The categories between themselves can seem divergent and different, yet their binary nature precisely includes the relation of one towards the other. The question of how different identities coexist and how do they come together in conversation, is the theme of this year’s Balkan Film Week. The suggested categories do not necessarily insinuate opposition or oppression, but they are measured against each other, thus interdependent of those opposed. In comparing or mirroring (identities) there is also a possibility to establish difference through quantifying a lack of something or a profusion. In this respect, the relation between our presumed subjectivity and those “outside” of us, can be seen as complimentary and diverse in the sense that its understanding suggests learning and enjoyment in that diversity.

The void between different subjectivities is often filled with content of certain political nature. In striving to erase the premise used in the public discourse where “them and us” spells out “them or us”, this year’s program observes how these different subjectivities coexist in contemporary Southeast Europe. The selected films approach topics of dichotomies between identities and the political in-between those two, as potentially socially constructed and thus not a pregiven condition in constructing difference and “otherness”.

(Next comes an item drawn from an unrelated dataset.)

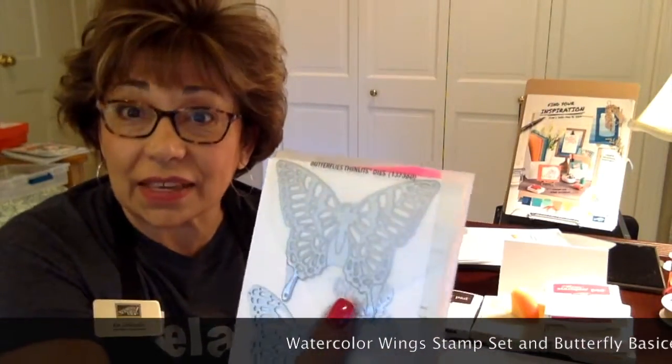Hi, I'm Kat Chancellor with Stamp Art Connection. I'm an independent Stamping Up demonstrator and I'm going to show you how to put together a butterfly card using the Watercolor Wings stamp set and the Butterfly Thinlets. So let's get started.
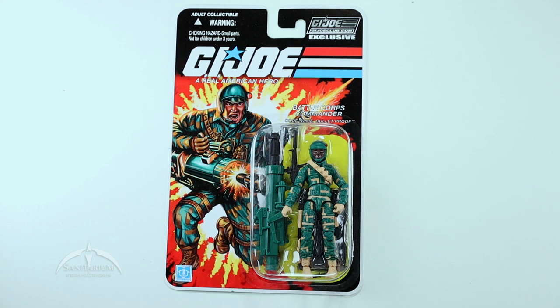Heyo, I'm Colby from Sanitarian Productions. We're back again with another G.I. Joe action figure review. In this episode, we are taking a look at the G.I. Joe Club.com exclusive figure subscription service, Series 8, Wave 8, however you want to look at that. Figure 3, this is Bulletproof.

The insinuated fronting starts early on in coming of age (Sestre, Pa Vend) and surrounds us in our social and cultural reality through questions of binary normativity and sexuality (Bad Luck Banging or Loony Porn), but also in times of precariousness (Frida, Episode in the Life of an Iron Picker), survival and contested geographies (Landscape of Resistance) and the privilege of migration (The Wire).

The ongoing events still yield uncertainty, loss, and change, and in these times particularly we strive to remind ourselves, and acknowledge, that “them is us” as much as “us is them”.